La psoriasis es una enfermedad que se presenta en la consulta dermatológica

en forma cotidiana, afecta notoriamente la calidad de vida de los enfermos

repercutiendo en el desarrollo de los individuos en la sociedad. Generalmente su

diagnóstico es clínico aunque en algunas ocasiones puede ser necesaria la

realización de histopatología. Es responsabilidad del profesional actuante conocer el

manejo terapéutico de la enfermedad y actualizarse debido a que es un campo en el

que constantemente se están investigando nuevas modalidades sobre todo a través

de la biología molecular.

Gracias a que la terapia antirretroviral ha mejorado la sobrevida de los

pacientes infectados con VIH lo que también resulta en mayores consultas por parte

de los mismos.

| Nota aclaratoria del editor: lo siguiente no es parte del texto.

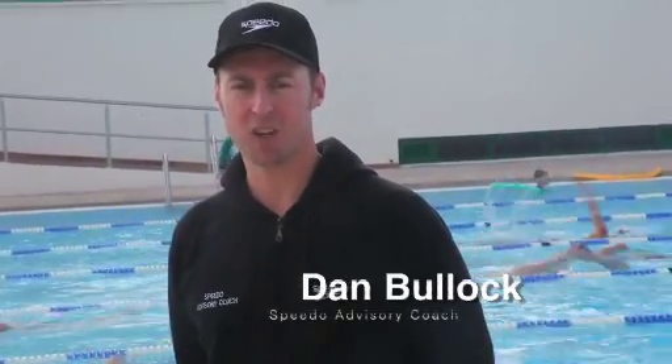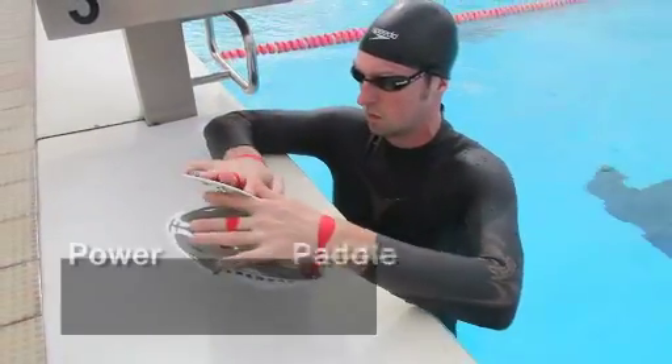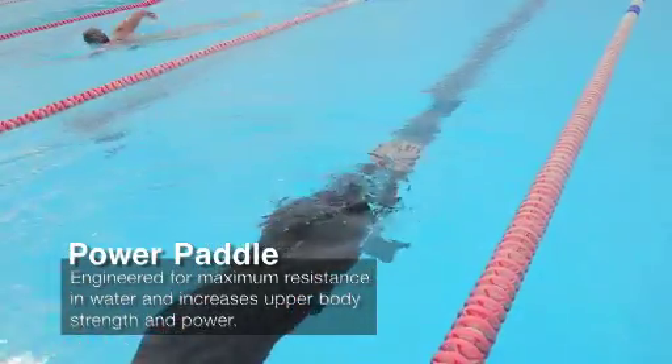I'm Dan Bullock, Director of Swim for Tri, Open Water Swimming Coach, and National Masters Swim Champion. The Speedo Biofuse Power Paddle is an excellent training aid to develop and improve upper body strength through the swimming strokes.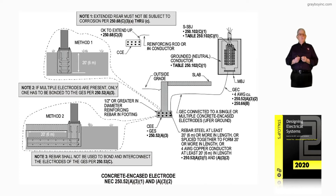Note two says if multiple electrodes are present, only one has to be bonded to the grounding electrode system per 250.52A3. Note three: rebar shall not be used to bond and interconnect the electrodes of the grounding electrode system per 250.53C.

Este grupo poblacional requiere considerar múltiples diagnósticos

diferenciales ya que las enfermedades dermatológicas se manifiestan con patrones

atípicos dificultando su diagnóstico, como pudimos ver la psoriasis no es la

excepción.

La exacerbación repentina de una psoriasis preexistente o el desarrollo súbito

de una forma severa de psoriasis puede ser la primera manifestación de la infección

por HIV por lo tanto obliga descartarla antes de comenzar cualquier tipo de

tratamiento inmunosupresor.

El tratamiento de la psoriasis asociada al HIV es un desafío, debe

contemplarse que estos pacientes pueden estar recibiendo medicamentos

antirretrovirales y profilaxis medicamentosas que pueden tener importantes

interacciones con los posibles tratamientos planteados para la psoriasis.